Key mistakes to avoid when bidding on a house in Norway 

Norway's house bidding process is equally stressful and confusing, but before putting in an offer, you should make sure you aren't making any of these costly mistakes. 

Key mistakes to avoid when bidding on a house in Norway 

Buying a house is normally stressful enough, whether it’s getting a mortgage in place, going to dozens of viewings or spending hours going through listings. 

In Norway, the process is further complicated by the house bidding process, which you will have to go through when buying most properties today.

Additionally, you could make several mistakes that could make the process harder or cost you dearly. 


Not having financing in place

Before you can bid on a property, you need to visit the bank to ensure financing for your purchase. If you are taking out a mortgage on the house, you will need to make sure you know the set limit the bank will allow to borrow. 

When you make a bid, the estate agent will contact the bank to ensure that you have the financial arrangements. If you do not have enough money or the mortgage your bank agreed on doesn’t cover the cost, your bid will be rebuffed. 

Therefore it is crucial to know your financial limits when entering bidding rounds to avoid any disappointments. 

Making a bid on a house you aren’t sure about

You should be absolutely sure that you could see yourself living in a property when you bid on it. This is because bids in Norway are legally binding, meaning that even if you put in a speculative bid and it’s accepted, you won’t be able to back out.

This means that you should avoid putting in any offers on homes you aren’t 100 percent sure about.

So while you may be in a rush to get on the property ladder or take a step up, patience will prevail over diving in headfirst. 

Forgetting to do proper research

The devil is always in the detail, and as dull as it may be, you should always read the small print to avoid any nasty shocks. 

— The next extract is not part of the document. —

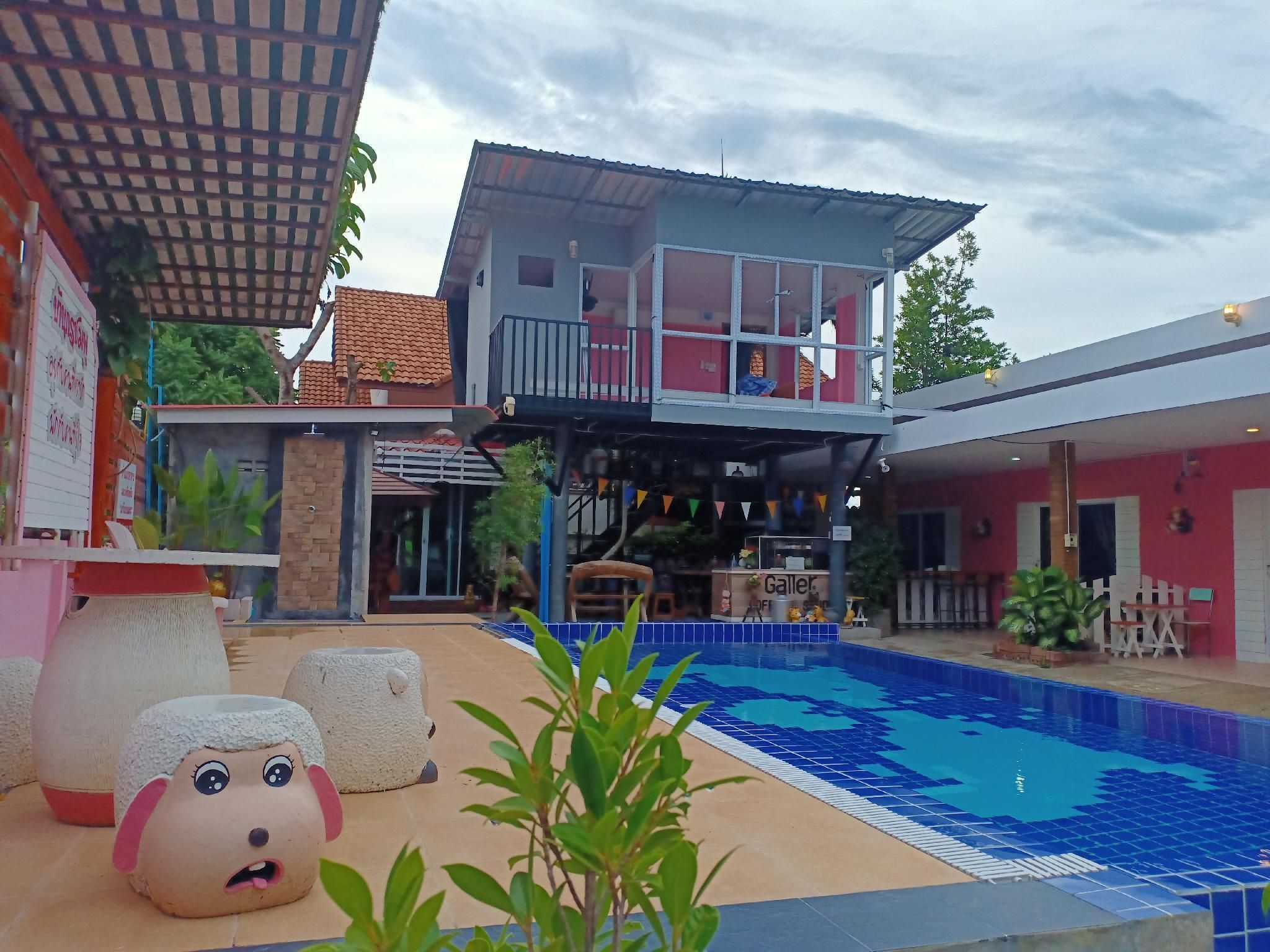 A pool area with a two-story building, a covered seating area, and a sign for a restaurant.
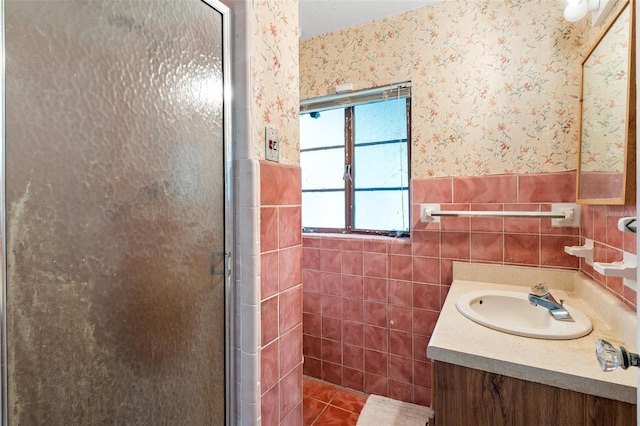 bathroom featuring walk in shower, vanity, tile patterned floors, and tile walls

This is especially important when buying apartments in Oslo and other cities where you will likely encounter housing associations where residents will be expected to pay various fees or contribute to the upkeep of the block. 

“For instance, if they are planning to replace the roof of the block the next year, you will read about it in the sales documents. It is important to consider whether you can afford a property also after potential add-ons,” Trine Dahl-Pettersen, real estate agent at Eindom 1, explained to The Local

Reading the small print isn’t the only place where research pays off. For example, one reader who has bought a house in Norway pointed out that finding a place that needs a little bit of work can help you avoid intense bidding wars, and locals tend to want a ready-made home to move into. 

“Finding a property that won’t go sky high over the asking price when bidding can be challenging. However, I quickly noticed that Norwegians are not afraid to bid high for a ready-to-go home,” Scott told The Local of his experiences buying in Bergen. 

“If you are comfortable doing some work on it, you can find a much better deal, maybe even under the asking price,” he added.

Therefore, market research can help prevent you from paying over the odds. 

Making more than one bid at a time

Unfortunately, putting plenty of bids out and seeing which offers stick could be a lot more disastrous than you may think. 

As mentioned earlier, bids in Norway are legally binding. Meaning that if you have two bids accepted at the same time, you will be legally obligated to purchase both of them.

Not having BankID

Despite the bidding process being done over the phone, there are still some hoops to jump through. 

You’ll need to have a Norwegian Bank ID available for the bidding process, as it is needed to confirm your identity when sending your bids. 

Without this, you won’t be able to lodge any offers. 

In addition to bank ID, you will need a Norwegian identification number (D-number/Personnummer) to hand.